Identifying the Injury (figure 57). -- Conks, old wounds, hollows, abnormal swellings or butt bulge indicate butt rot. Decayed wood may be soft or brittle, and brown to white. The decay core may be small or include the entire heartwood. The core extends vertically from less than an inch to several feet. Affected trees are weak and subject to breakage.

Figure 54
Figure 55
Figure 54. -- Ganoderma lucidum conk.
Figure 55. Laetiporus sulphureus conk.

Biology. -- Following tree wounding, bacteria and non-decay fungi flourish on the exposed woody tissues, creating conditions for establishment of decay fungi. Windborne microscopic spores released for a few days to several weeks from conks on infected trees germinate on wounds and penetrate the tree. The decaying stage of the rot fungi follows and conks will be produced. The rate of decay varies with the tree species, fungus, and wound size. Decay is most extensive when wounds are large; decay usually does not develop in wounds less than 2 inches (5 cm) wide. Regardless of wound size, wood volume loss is minimal when wounds are less than 4 years old.
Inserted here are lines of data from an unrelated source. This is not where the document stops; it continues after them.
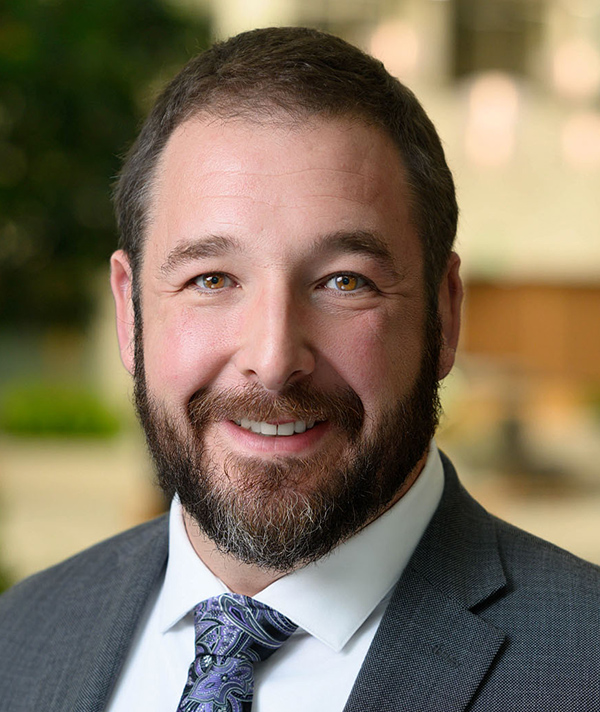 Headshot photograph of Jed Ullrich smiling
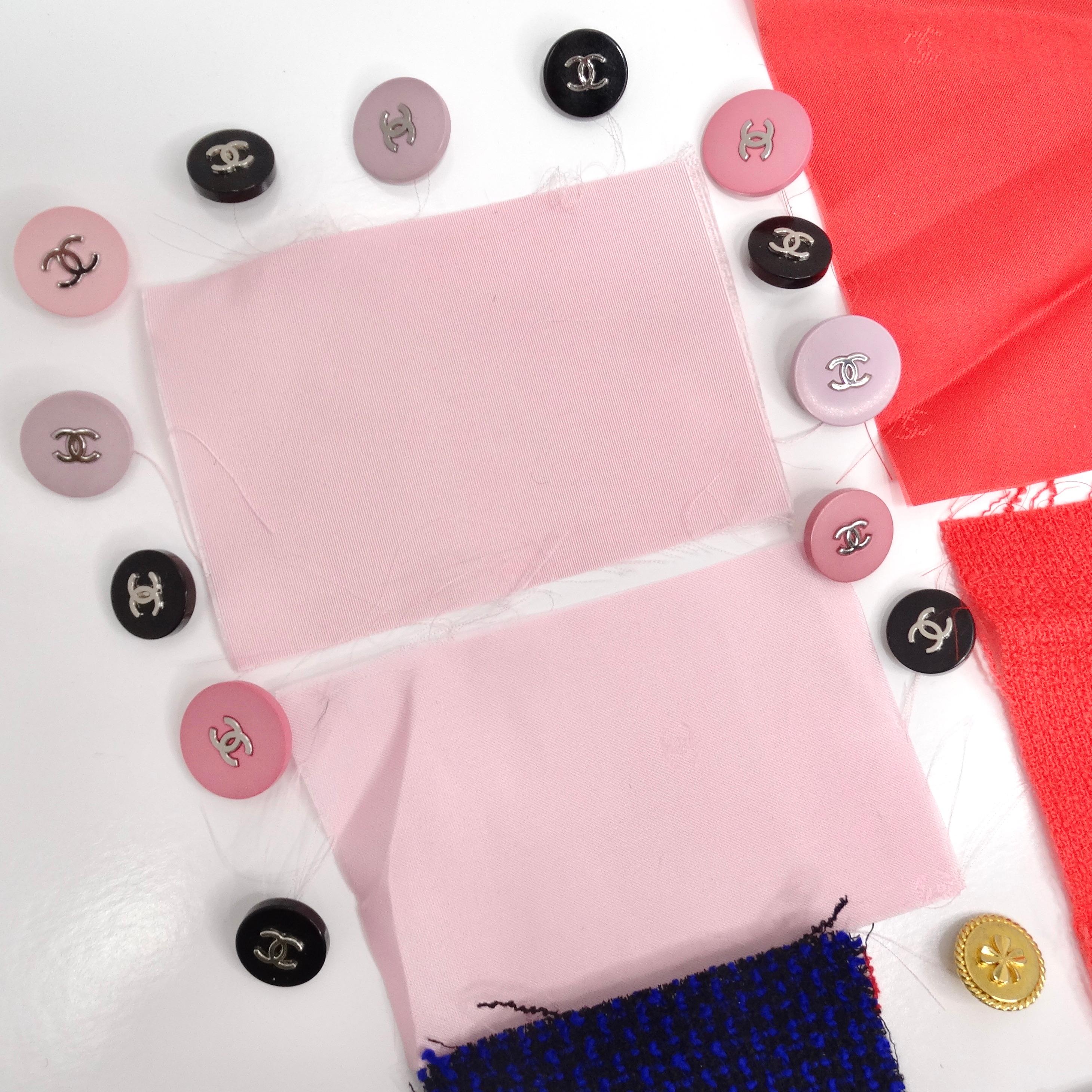 Introducing the exquisite Chanel 1980s and 90s Set of 21 Buttons, a must-have collection for Chanel enthusiasts and collectors alike. This set includes 21 iconic Chanel buttons, along with 6 fabric scraps, providing the perfect materials for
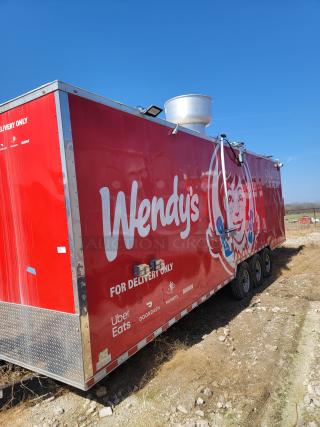 Red Wendy's food truck with branding, marked "For Delivery Only." Features logos of Uber Eats, DoorDash, Postmates, Grubhub.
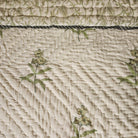 King block-print quilt with yellow flowers on cream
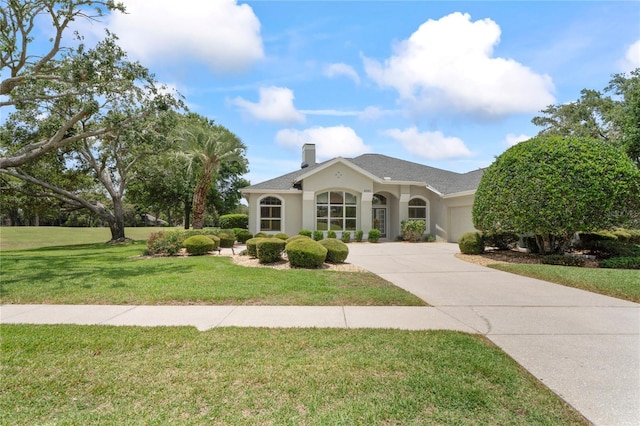 4351 Mallard Lake Dr, Spring Hill, FL 34609 - view of front of home featuring driveway, an attached garage, stucco siding, a front lawn, and a chimney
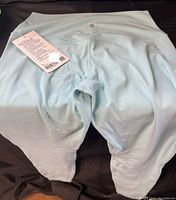 Front view of light blue Lululemon leggings size 10 with brand tag visible.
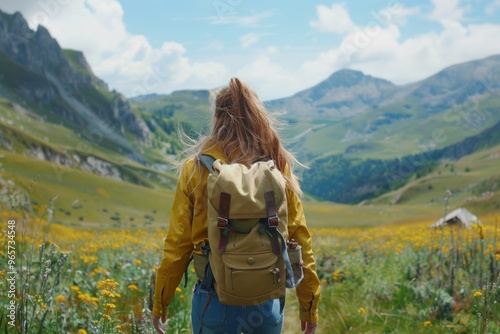 A young woman in a yellow jacket walks through a blooming valley surrounded by mountains on a sunny day during summer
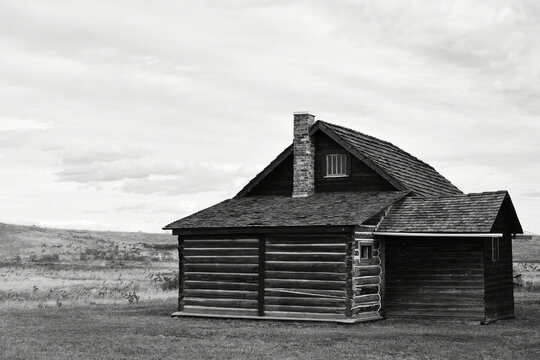 A black and white image of an old abandoned log house on the Alberta prairies. 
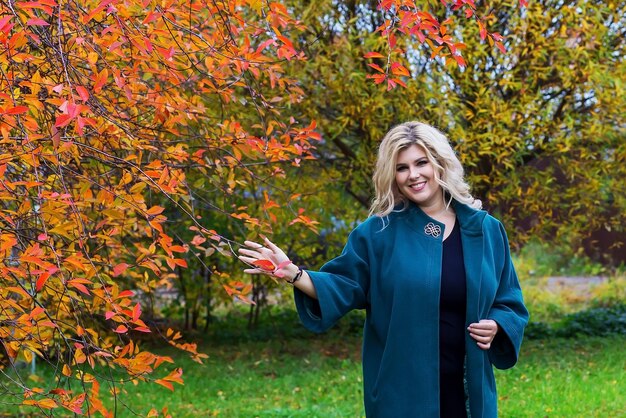 Fat girl in Golden autumn beautiful and gorgeous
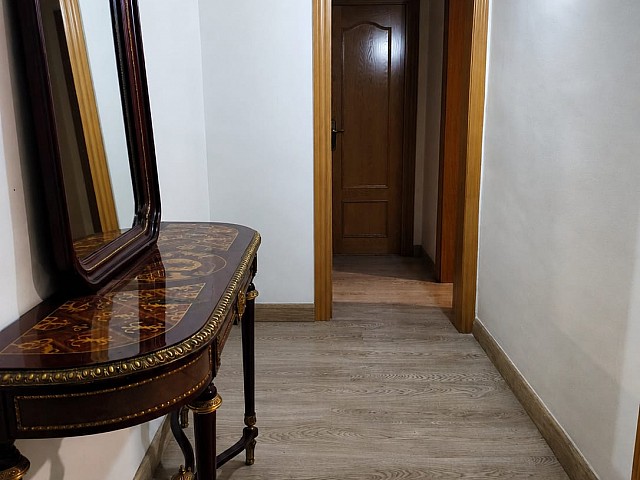 Pasillo con espejo de cuerpo entero y puerta de madera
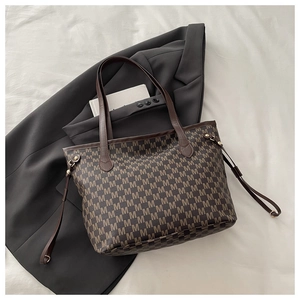 Detail of a brown tote bag featuring vintage M-pattern monogram and side drawstring accents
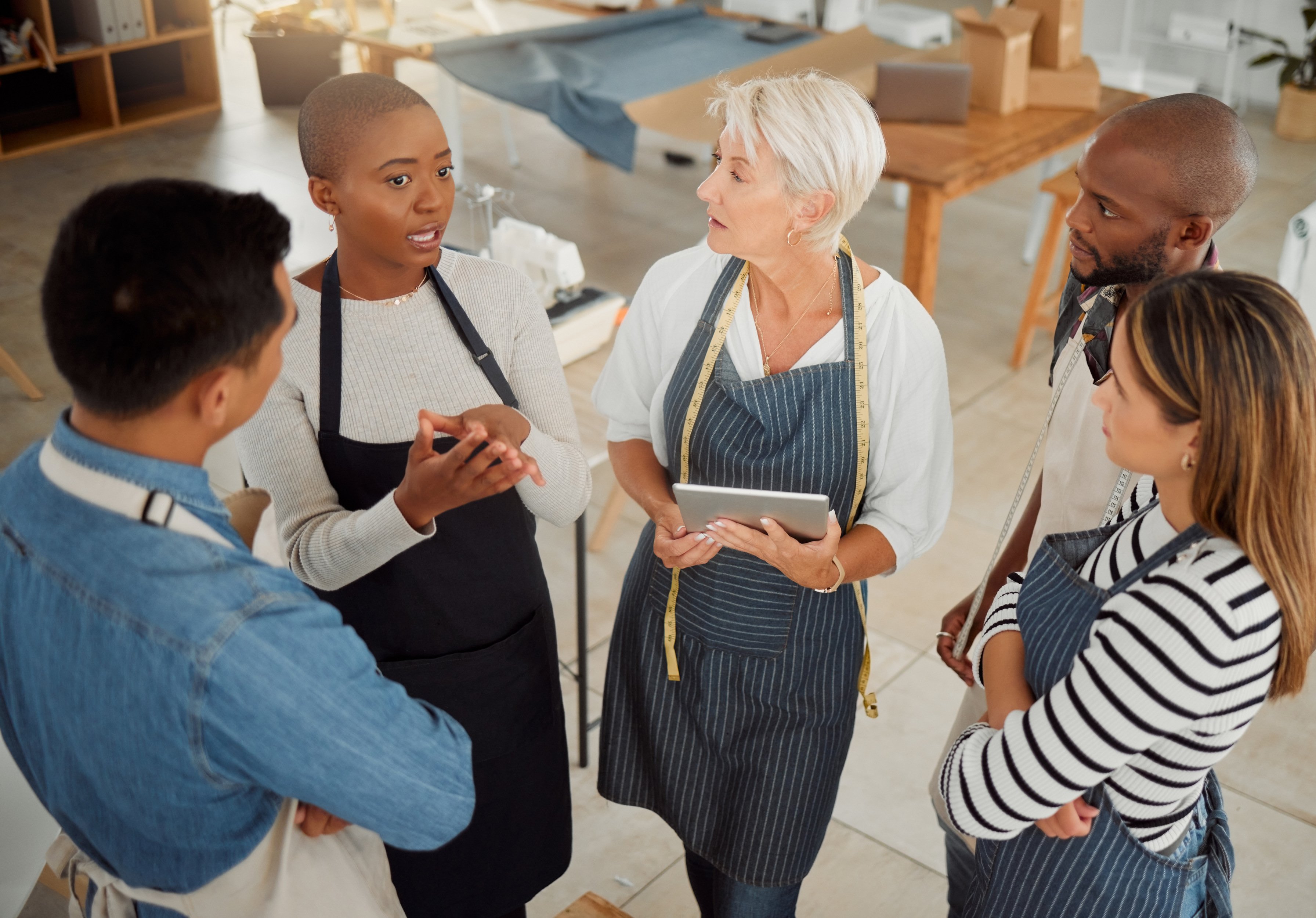 creative-diverse-discussion-group-fashion-designer-planning-with-tablet-talking-workshop-tailor-teamwork-people-business-meeting-apron-conversation-design-studio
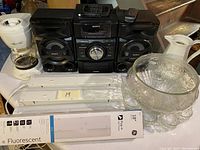 Overview of party items including Sony stereo, punch bowl with cups, white ceramic teapot, and coffee thermos with fluorescent light fixtures in foreground.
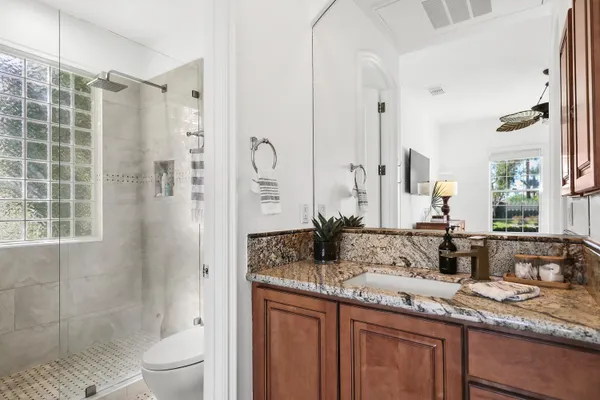 a bathroom with a granite countertop sink toilet and shower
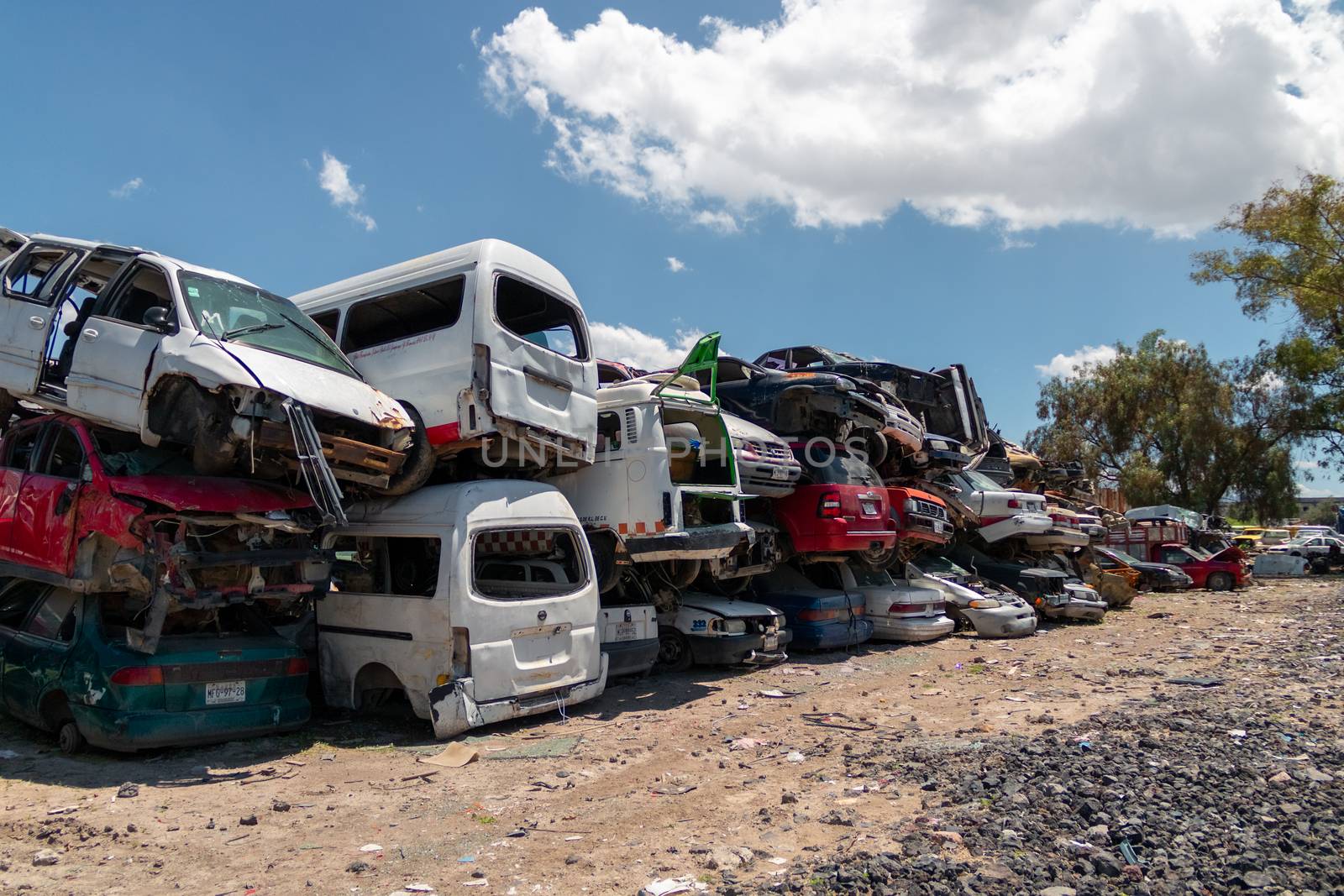 Old damaged cars on the junkyard waiting for recycling in Mexico City. Mexico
Control. -- Because all infections occur through bark wounds, injury prevention is the primary approach to control. Severely decayed trees should be deadened. Consider early salvage for infected trees that have value because the lower, most valuable portion of the log is being decayed, with an increased susceptibility to insect attack, windthrow and degrade from stain. Repair valuable urban trees by removing the decay, treating the cavity with a fungicide and filling it with a suitable material.

Figure 56
Figure 57
Figure 56. -- Pleurotus ostreatus conk.
Figure 57. -- Butt bulge indicates decay.